─── EXERCISE MATERIALS ───

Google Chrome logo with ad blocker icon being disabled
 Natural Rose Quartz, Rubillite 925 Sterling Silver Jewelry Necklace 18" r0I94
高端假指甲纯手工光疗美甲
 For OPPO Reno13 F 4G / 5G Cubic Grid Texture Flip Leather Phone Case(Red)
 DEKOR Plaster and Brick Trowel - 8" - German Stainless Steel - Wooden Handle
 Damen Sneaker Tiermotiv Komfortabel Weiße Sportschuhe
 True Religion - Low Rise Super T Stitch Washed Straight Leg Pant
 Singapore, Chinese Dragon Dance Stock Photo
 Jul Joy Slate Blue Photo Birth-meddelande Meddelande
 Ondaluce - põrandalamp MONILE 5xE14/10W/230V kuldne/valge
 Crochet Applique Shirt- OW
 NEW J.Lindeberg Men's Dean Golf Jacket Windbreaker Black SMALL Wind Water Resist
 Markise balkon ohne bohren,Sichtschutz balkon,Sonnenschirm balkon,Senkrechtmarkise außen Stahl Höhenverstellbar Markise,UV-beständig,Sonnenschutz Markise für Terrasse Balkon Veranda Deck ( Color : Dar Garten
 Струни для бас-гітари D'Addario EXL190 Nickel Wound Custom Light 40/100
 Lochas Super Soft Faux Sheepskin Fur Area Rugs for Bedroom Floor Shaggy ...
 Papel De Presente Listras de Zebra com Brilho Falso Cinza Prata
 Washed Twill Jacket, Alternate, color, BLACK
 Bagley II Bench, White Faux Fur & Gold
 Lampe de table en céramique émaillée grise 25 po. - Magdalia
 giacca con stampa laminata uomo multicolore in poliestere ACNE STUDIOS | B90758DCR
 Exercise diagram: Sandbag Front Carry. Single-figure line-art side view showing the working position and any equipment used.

───

• **WHAT TO PRODUCE**:
Transcribe the listing above verbatim, leaving every line whole.

• **THE COMPLETED TASK**:
Google Chrome logo with ad blocker icon being disabled
 Natural Rose Quartz, Rubillite 925 Sterling Silver Jewelry Necklace 18" r0I94
高端假指甲纯手工光疗美甲
 For OPPO Reno13 F 4G / 5G Cubic Grid Texture Flip Leather Phone Case(Red)
 DEKOR Plaster and Brick Trowel - 8" - German Stainless Steel - Wooden Handle
 Damen Sneaker Tiermotiv Komfortabel Weiße Sportschuhe
 True Religion - Low Rise Super T Stitch Washed Straight Leg Pant
 Singapore, Chinese Dragon Dance Stock Photo
 Jul Joy Slate Blue Photo Birth-meddelande Meddelande
 Ondaluce - põrandalamp MONILE 5xE14/10W/230V kuldne/valge
 Crochet Applique Shirt- OW
 NEW J.Lindeberg Men's Dean Golf Jacket Windbreaker Black SMALL Wind Water Resist
 Markise balkon ohne bohren,Sichtschutz balkon,Sonnenschirm balkon,Senkrechtmarkise außen Stahl Höhenverstellbar Markise,UV-beständig,Sonnenschutz Markise für Terrasse Balkon Veranda Deck ( Color : Dar Garten
 Струни для бас-гітари D'Addario EXL190 Nickel Wound Custom Light 40/100
 Lochas Super Soft Faux Sheepskin Fur Area Rugs for Bedroom Floor Shaggy ...
 Papel De Presente Listras de Zebra com Brilho Falso Cinza Prata
 Washed Twill Jacket, Alternate, color, BLACK
 Bagley II Bench, White Faux Fur & Gold
 Lampe de table en céramique émaillée grise 25 po. - Magdalia
 giacca con stampa laminata uomo multicolore in poliestere ACNE STUDIOS | B90758DCR
 Exercise diagram: Sandbag Front Carry. Single-figure line-art side view showing the working position and any equipment used.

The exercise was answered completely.